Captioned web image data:
++++++
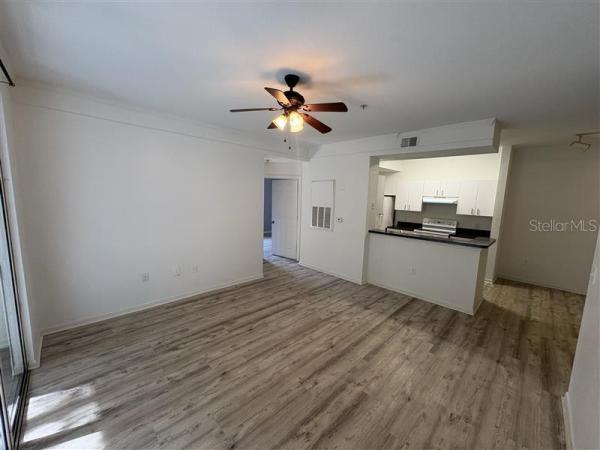 JADE AT TAMPA PALMS A CONDOMIN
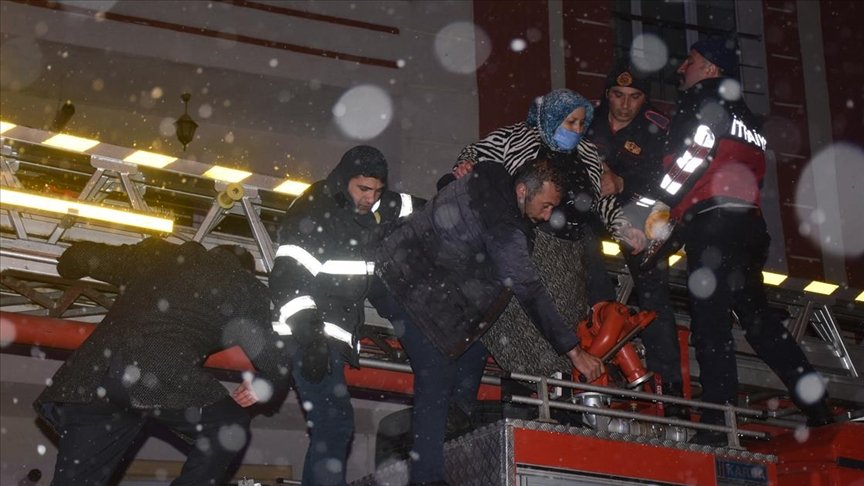 Kars’ta 6 katlı binada çıkan yangında dumandan etkilenen 41 kişi hastaneye kaldırıldı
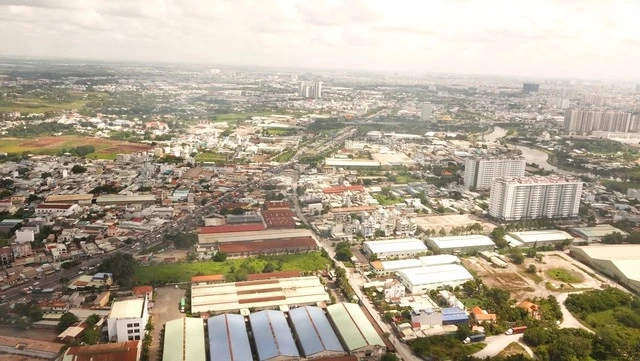 Hướng dẫn thi hành Luật Đất đai 2024: Đề xuất miễn tiền thuê đất đối với đơn vị sử dụng tài sản công để kinh doanh, cho thuê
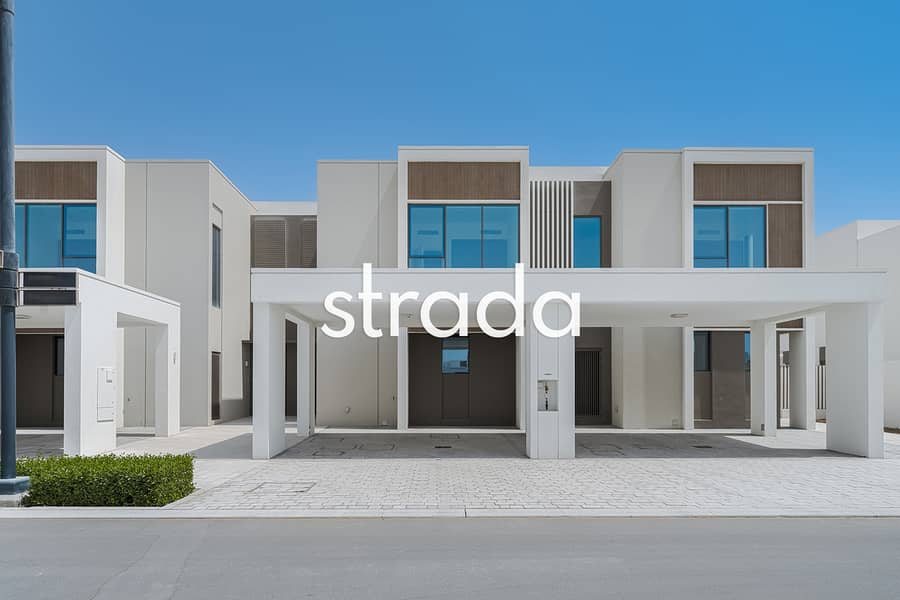 Single Row | Pool & Park | 3BR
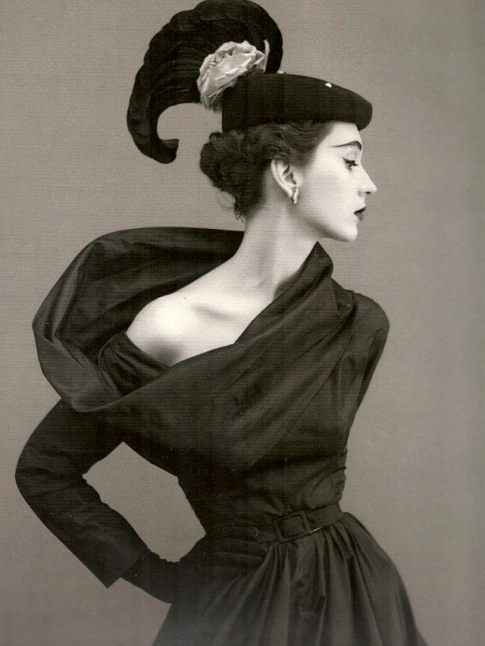 Cristbal Balenciaga ou l'audace des lignes !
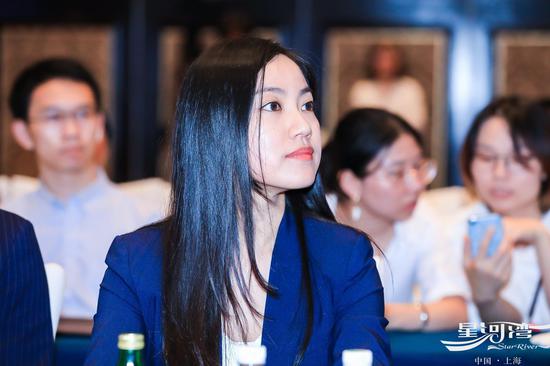 资深音乐撰稿人 钱厚琳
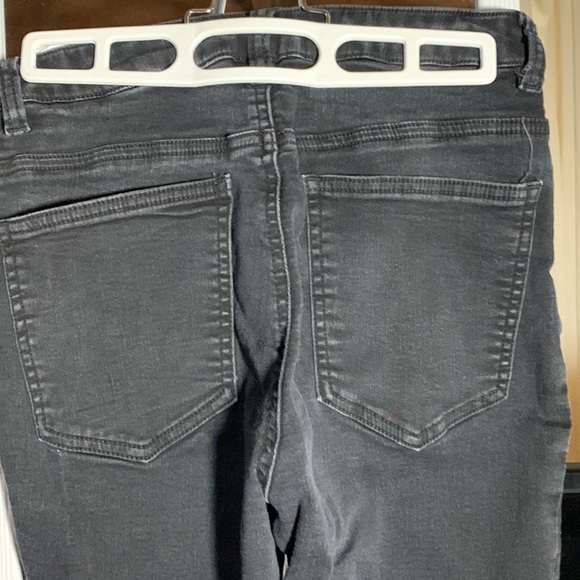Well worn very comfortable black stretch jeans ultra high rise, skinny - Picture 2 of 3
++++++
### HOW TO COMPLETE THIS TASK
Beginning with the line that contains "Cristbal Balenciaga ou l'audace des lignes !", print exactly every line through the end of the records, both included. Omit the pictures.

### TASK RESPONSE
 Cristbal Balenciaga ou l'audace des lignes !
 资深音乐撰稿人 钱厚琳
Well worn very comfortable black stretch jeans ultra high rise, skinny - Picture 2 of 3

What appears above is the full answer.